Funcionário do Supermercado Peg Pag, Juarez obteve grande êxito na divulgação do bloco. A empresa abraçou o grupo dando apoio para a confecção de lindos e memoráveis carnavais. Esta aliança foi fundamental para que os mesmos participassem do carnaval santista, pois a prefeitura de Santos comprometeu-se a organizar a festa de maneira mais ordenada do que em São Paulo. O supermercado disponibilizou meios para a produção de fantasias, nada comparado com o luxo exuberante das escolas de samba, mas que exibiam todo o orgulho de vestir uma fantasia, ainda que tenha sido feita de maneira rudimentar, para expressar o amor ao carnaval. Um fato marcava a metade da década de 60, uma vez que, foi desfilando de espantalho, em 1966, que o bloco causou um reboliço na folia. Revestidos por uma fantasia digna de um espantalho, integrantes de luxuosos cordões e escolas de samba não souberam distinguir a simplicidade de um bloco com toda riqueza empregada em escolas de samba e cordões carnavalescos e desprezaram o irreverente e despretensioso grupo. Para os integrantes da Mocidade Alegre era orgulho. O importante era brincar o carnaval com toda a alegria e irreverência, marca registrada do bloco. No ano seguinte, 1967, surgiu a Federação das Escolas de Samba de São Paulo; coordenador desta nova etapa do carnaval paulistano, o jornalista Moraes Sarmento reuniu blocos, cordões e escolas de samba para constituir o carnaval oficial de 1968, sob a direção do então prefeito Faria Lima. Foi assim que em 24 de setembro de 1967 a Mocidade Alegre se tornou o Grêmio Recreativo Mocidade Alegre, sob a presidência de seu Juarez da Cruz e logo passou a disputar o carnaval. Além de Juarez, também fundaram a escola Carlos Augusto, Salvador, Ailton de Paula, Ademar Nunes, José Maria do Nascimento e Antônio Ciullada. Em 1968 a agremiação foi a penúltima colocada, ficando apenas em 5º lugar tendo como tema os índio do Brasil.
 


A Morada do Samba. “A Vitória vem da luta, a Luta vem da força, e a Força da União!”

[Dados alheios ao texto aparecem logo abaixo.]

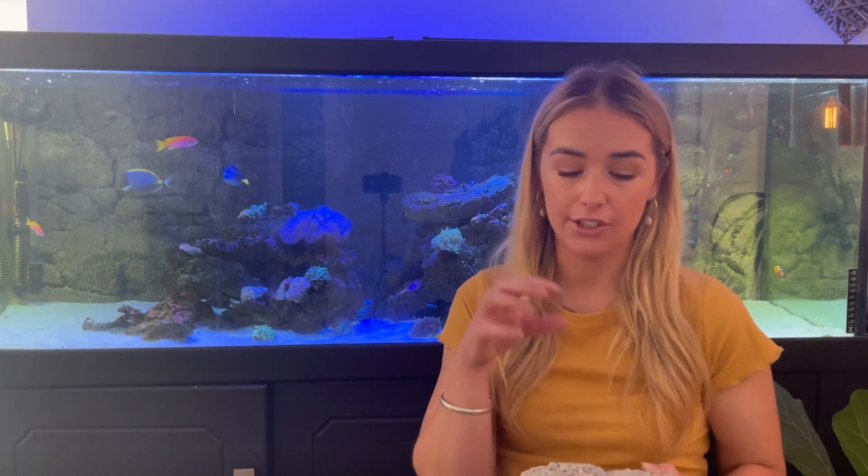The salt dissolves and makes lots of little pores throughout the rock, which is exactly what you want for live rock — you want it to be super porous so that all the water can get through it and create that surface for beneficial bacteria to grow on. So you want to make sure that you cure for long enough that the salt will dissolve.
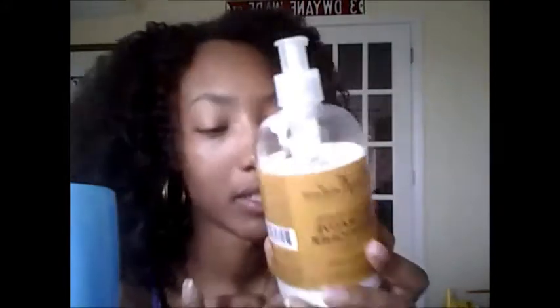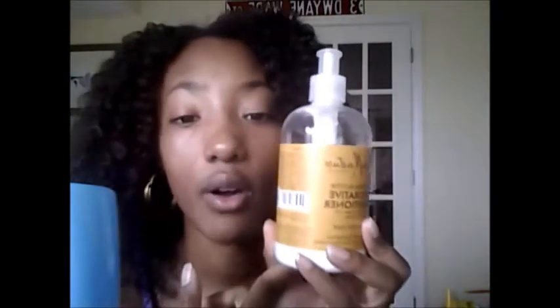It has everything in here that's good for your hair and everything out of it that's not good. This product ranges about $10 per bottle. This is a restorative conditioner, so it has protein in it especially from the coconut oil, which is about the third or fourth ingredient. Shea butter is for moisture, which is the second ingredient. So this is a nice moisturizing protein conditioner.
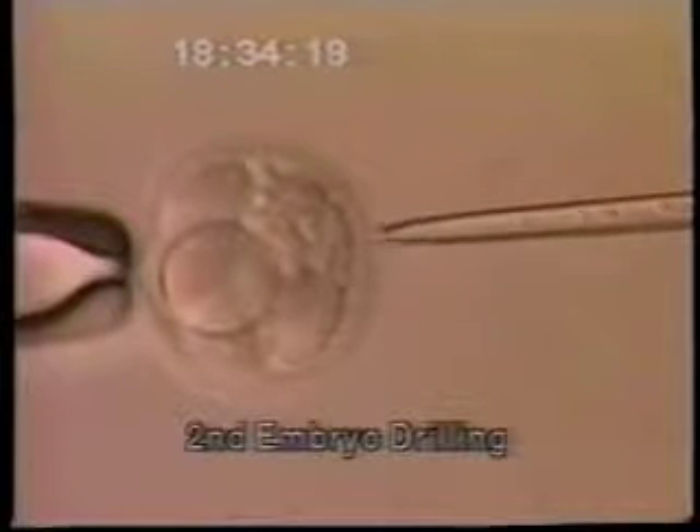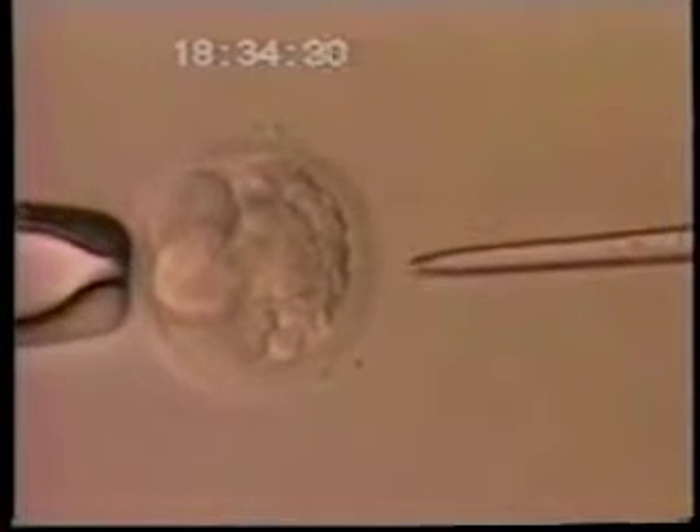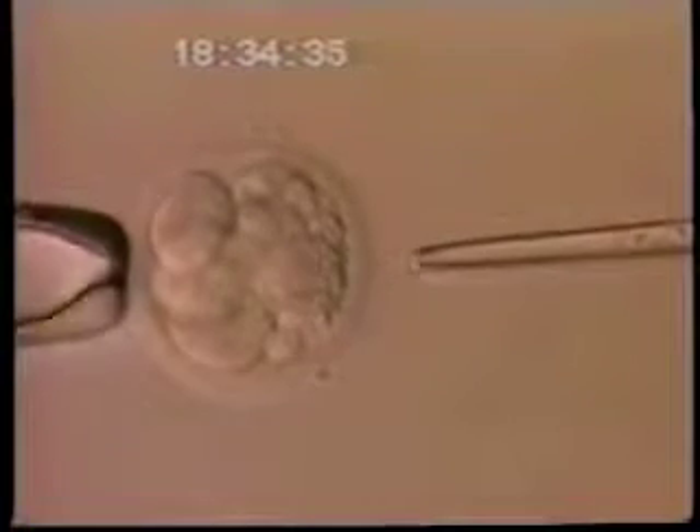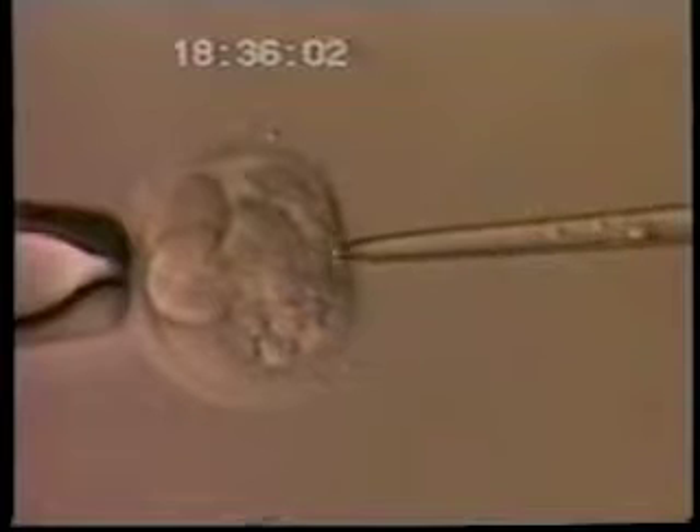Now you'll notice a second embryo in which there is more fragmentation that is obscuring the view of all eight cells. We're going to make our hole in the outer shell — the zona pellucida — right over this area of fragmentation. The fragmentation is just cellular material that can never result in any baby. That is why, if we have a choice, we try to make the hole right over that fragmented material so there's no chance we'll damage any of the true blastomeres. Once we make the hole, we can remove those fragments to get a better view of the embryo.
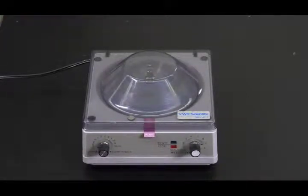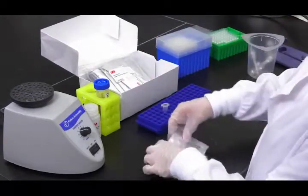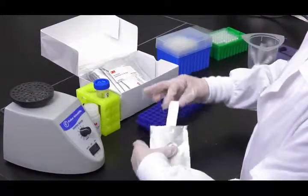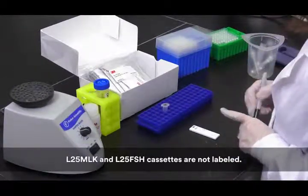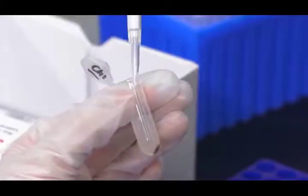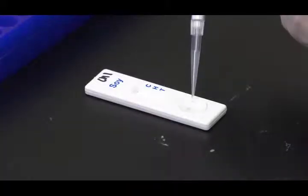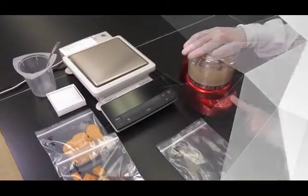The supernatant is the extracted sample. Next, remove one 3M allergen protein lateral flow device from the package and place it on a clean, dry, flat surface. Each cassette is labeled with the specific analyte for easy identification. Label the cassette with the appropriate sample ID. Transfer 100 microliters of the extracted sample from the second tube using a clean pipette or pipette tip, apply it to the sample well on the 3M allergen protein lateral flow device, and start the timer for 11 minutes.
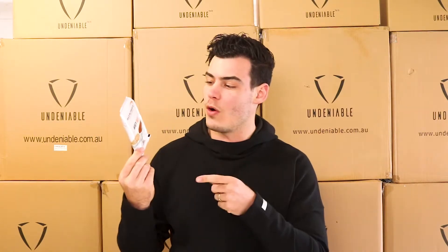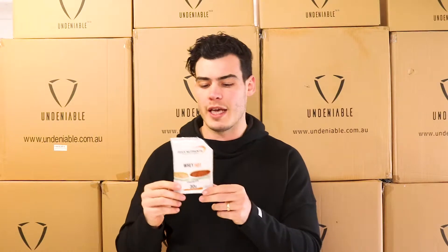Hey guys, Isaac back with another protein snack review. Today we've got the Whey Hot from Bulk Nutrients. This is basically the hot chocolate of protein land, I guess.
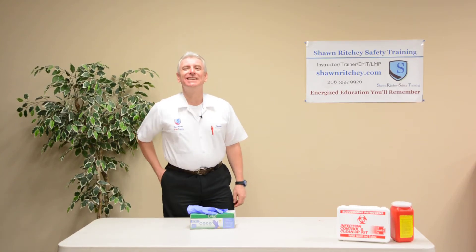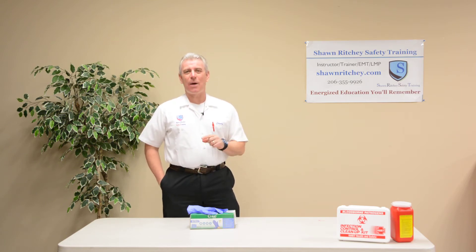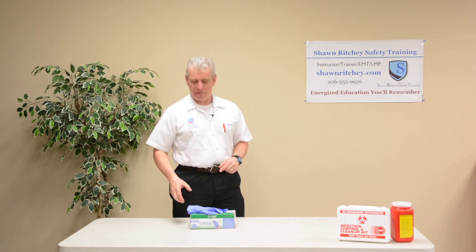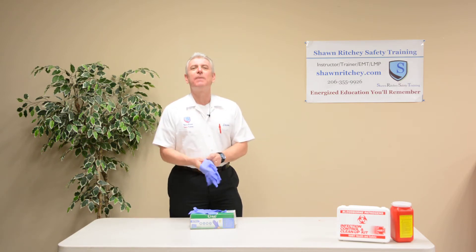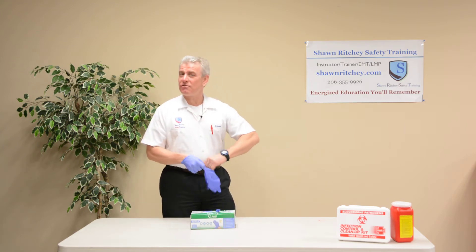Hi, I'm Sean Ritchie and I have a passion to provide energized education you'll remember and safety training you won't forget. Today I want to talk briefly about blood-borne pathogens and the safe removal of gloves. We call this body substance isolation.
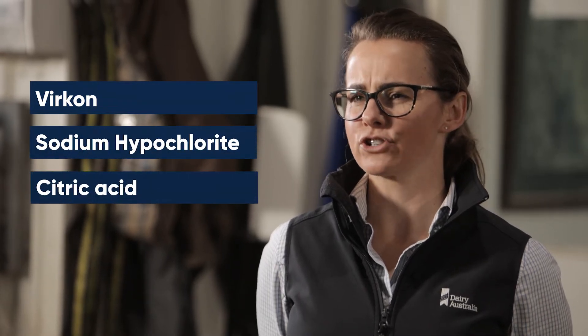The disinfectant product you choose needs to be effective at killing viruses, bacteria and fungi. Some examples of suitable products may include Virkon, sodium hypochlorite — also known as hypo — or citric acid. You can usually purchase these products from your vet or rural supplies store.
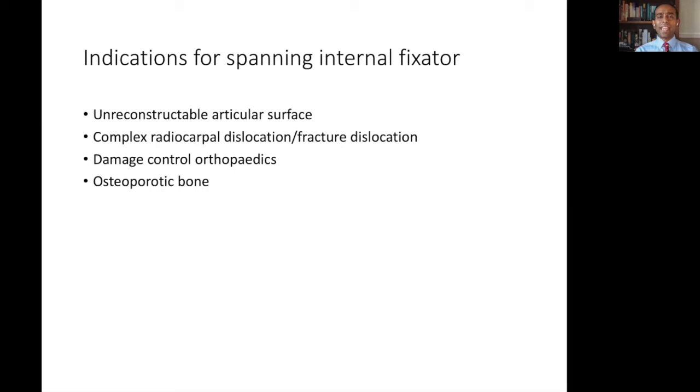In older patients with osteoporotic bone, there can be challenges with trying to fix comminuted fractures with enough stability to allow movement. With weak and soft bone, the hold of conventional plates and screws can be suboptimal, leading to secondary displacement despite attempts at rigid fixation. By using an internal spanning plate, the zone of injury can be bypassed and much better quality bone in the metacarpal and in the radius can be relied upon to provide stability and allow fractures to heal by secondary intention.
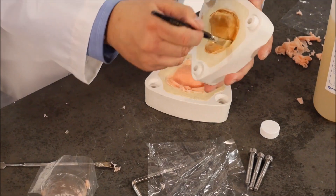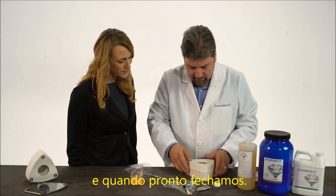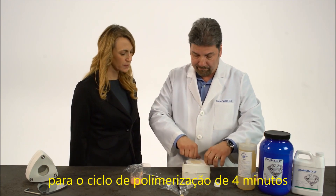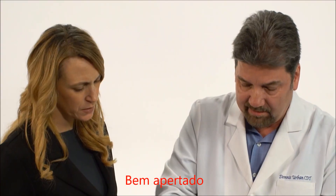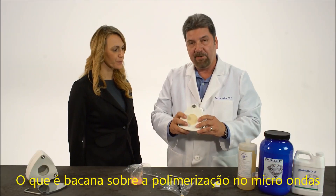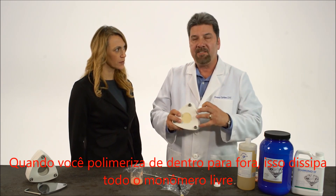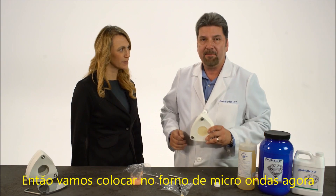I'm just going to coat that very lightly, and then we're ready to close. Close that up, we're going to tighten it down, and then we'll put it in the microwave for a four-minute cure. Your packed denture is all ready to go to be microwaved. What's great about microwave curing is it cures from the inside out, as opposed to other methods of curing which cure from the outside in. When you're curing from the inside out, it dissipates all the free monomer. So for patients who are allergic to monomer, this is an excellent remedy. So let's go put it in the microwave now.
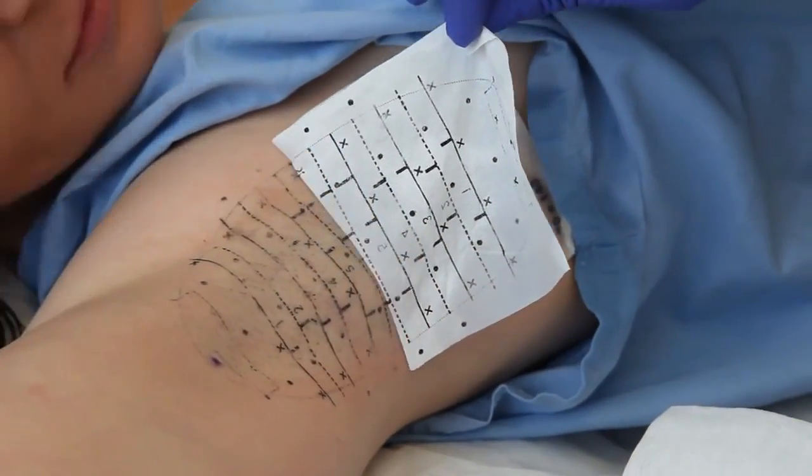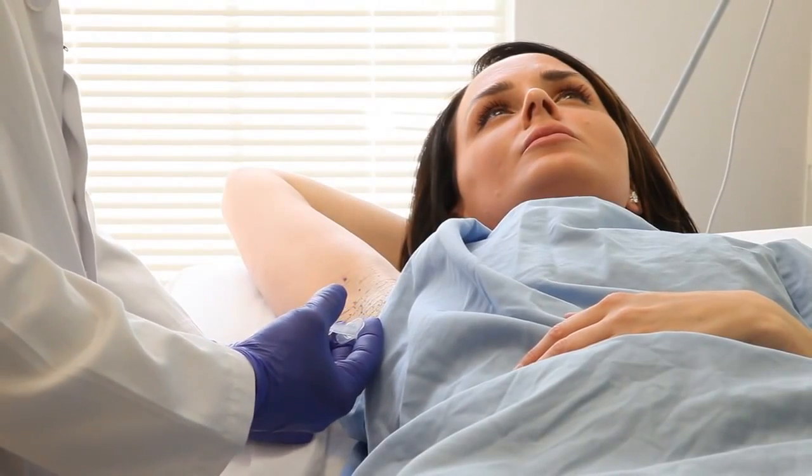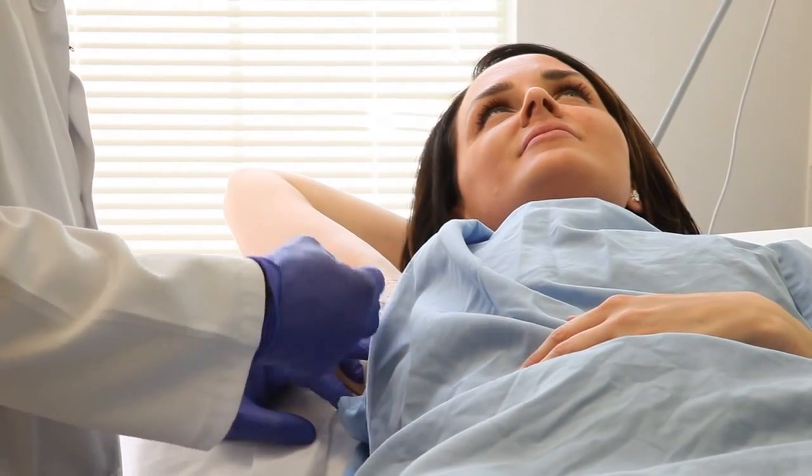Once we have that all drawn out, we numb you up. It's akin to what you get at the dentist, and most patients, after one or two injections in certain areas of the arm, don't really feel it after that.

 Era preciso ensaiar! Os ensaios da Mocidade Alegre ocorriam na Vila Mariana, mas cansados de serem chicoteados pejorativamente pela vizinhança, decidiram encontrar um lugar para ensaiarem tranqüilamente. A parceria com o Supermercado Peg Pag rendeu ao grupo um terreno na Vila Pompéia para poderem ensaiar. O espaço concedido se tornou atração no bairro, permitindo que o conceito de alegria instaurado na Mocidade atraísse mais seguidores. E foi desta luta que com o enredo “Na corte de Nero”, em 1969, a Mocidade Alegre foi a campeã do grupo de acesso, somando esforços para realizar os anos de ouro do carnaval paulistano, quando foi tri-campeã.
            Em 1970 a Mocidade finalmente encontrou sua casa, a Morada do Samba, inaugurada em 17 de Julho na Avenida Casa Verde, no bairro Limão. Morada que foi levantada pelos próprios integrantes num mutirão, até as filhas de Juarez ajudavam a construção. A própria designação do termo “morada” vem de um integrante da Mocidade que expressava os ideais de Juarez, isto é, de abrir o espaço para qualquer pessoa, sem se importar para qual escola torcia; um espaço para a socialização entre as co-irmãs; um lugar para fazer do samba sua morada. Com esta linda maneira de expressar os valores de amizade e carinho, com esta prova de amor ao samba, seu Juarez mostrava a São Paulo o seu talento e o resultado desta socialização. Foi dele a idéia de criar um intercâmbio com carnavais mais organizados, já reconhecidos e tradicionais em outras cidades. De Santos trouxe os ideários de J. Muniz Jr., experiente cronista e pesquisador que já contribuía com o tradicional carnaval santista; do Rio de Janeiro trouxe o carnavalesco Edson Machado (diminuiu o peso das alegorias e com toda sua criatividade imprimiu a marca do carnaval paulistano), além do paulistano Eduardo Nascimento. Este “Trio de Ouro, como é chamado carinhosamente, foi responsável pela feliz coincidência do tri campeonato da Mocidade (1971-1973) no grupo especial. Este intercâmbio cultural teve também como resultado o encontro de personalidades cariocas que fizeram da Morada do Samba a sua morada. De lá, ficaram gravados grande encontros entre os sambistas e seus shows a parte. O reduto foi freqüentado por Odair Fala Macio, Caveirinha, Jangada Sr. Beto (que ajudou a levantar as paredes da Morada), Souzinha e Marco Antônio, até o Candeia se fez presente nesses encontros e tornou-se o presidente de honra da ala dos compositores. Juarez exibia a marca do carnaval que o mesmo ajudava a criar. Foi dele a idéia de criar o evento 24 Horas de Samba, criado para comemorar os cinco anos de fundação que recebia integrantes de várias escolas do Rio e de São Paulo, evento tradicional até hoje atuante. Uma luta travada pelo direito de ser alegre, que de uma união fez o mundo respeitar este homem que tanto fez para prevalecer a irreverência dos antigos blocos carnavalescos, presente na força do seu ideal de carnaval: a união das pessoas através do samba.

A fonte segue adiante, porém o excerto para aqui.